In the preceding code, we have a generic function, load, on our Game type that can take any game entity and load it in our game world by calling init() on all kinds of T. However, this example fails to compile with the following error:

So, a generic function taking any type T cannot know or assume by default  the init method exists on T. If it did, it wouldn't be generic at all, and would only be able to accept types that have the init() method on them. So, there is a way that we can let the compiler know of this and constrain the set of types that load can accept using traits. This is where trait bounds come into the picture. We can define a trait called Loadable and implement it on our our Enemy and Hero types. Following that, we have to put a couple of symbols beside our generic type declaration to specify the trait. We call this a trait bound. The changes to the code are as follows:

// trait_bounds_intro_fixed.rs

struct Game;
struct Enemy;
struct Hero;

trait Loadable {
    fn init(&self);
}

impl Loadable for Enemy {
    fn init(&self) {
        println!("Enemy loaded");
    }
}

impl Loadable for Hero {
    fn init(&self) {
        println!("Hero loaded");
    }
}

impl Game {
    fn load<T: Loadable>(&self, entity: T) {
        entity.init();
    }
}

fn main() {
    let game = Game;
    game.load(Enemy);
    game.load(Hero);
}

In this new code, we implement Loadable for both Enemy and Hero and we also modified the load method as follows:

fn load<T: Loadable>(&self, entity: T) { .. }

Notice the : Loadable part. This is how we specify a trait bound. Trait bounds allow us to constrain the range of parameters that a generic API can accept. Specifying a trait bound on a generic item is similar to how we specify types for variables, but here the variable is the generic type T and the type is some trait, such as T: SomeTrait. Trait bounds are almost always needed when defining generic functions. If one defines a generic function that takes T without any trait bounds, we cannot call any of the methods since Rust does not know what implementation to use for the given method. It needs to know whether T has the foo method or not to monomorphize the code.
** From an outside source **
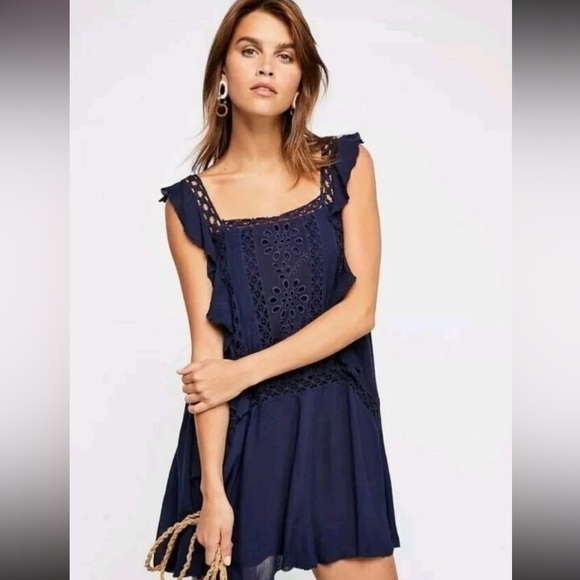 Free People FP One Priscilla Mini Dress Eyelet Embroidered Sleeveless Small Lace - Picture 1 of 15
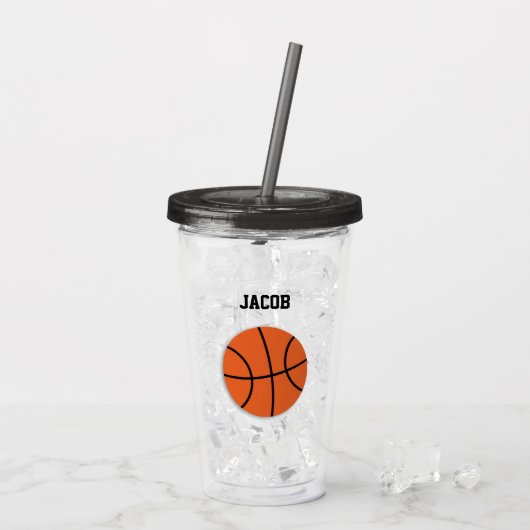 Basketball Personalisierte Kinder Acryltrinkbecher (Rückseite Ice)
Take a look at another example:

// trait_bounds_basics.rs

fn add_thing<T>(fst: T, snd: T) {
    let _ = fst + snd;
}

fn main() {
    add_thing(2, 2);
}

We have a method,  add_thing, that can add any type T. If we compile the preceding snippet, it does not compile and gives the following error:

It says to add a trait bound Add on T. The reason for this is that the addition operation is dictated by the Add trait, which is generic, and different types have different implementations that might even return a different type altogether. This means that Rust needs our help to annotate that for us. Here, we need to modify our function definition like so:

// trait_bound_basics_fixed.rs

use std::ops::Add;

fn add_thing<T: Add>(fst: T, snd: T) {
    let _ = fst + snd;
}

fn main() {
    add_thing(2, 2);
}

We added the : Add after T and with that change, our code compiles. Now, there are two ways to specify trait, bounds depending on how complex the type signature gets when defining generic items with trait bounds:

In-between generics:

fn show_me<T: Display>(val: T) {
    // can use {} format string now, because of Display bound
    println!("{}", val);
}

This is the most common syntax to specify trait bounds on generic items. We read the preceding function as follows show_me is a method that takes any type that implements the Display trait. This is the usual syntax used to declare the trait bound when the length of the type signature of the generic function is small. This syntax also works when specifying trait bounds on types. Now, let's look at the second way to specify trait bounds.

Using where clauses:

This syntax is used when the type signature of any generic item becomes too large to fit on a line. For example, there is a parse method in the standard library's std::str module, which has the following signature:

pub fn parse<F>(&self) -> Result<F, <F as FromStr>::Err>
where F: FromStr { ... }

Notice the where F: FromStr part. This tells us that our F type must implement the FromStr trait. The where clause decouples the trait bound from the function signature and makes it readable.

Having seen how to write trait bounds, it's important to know where can we specify these bounds. Trait bounds are applicable in all of the places where you can use generics.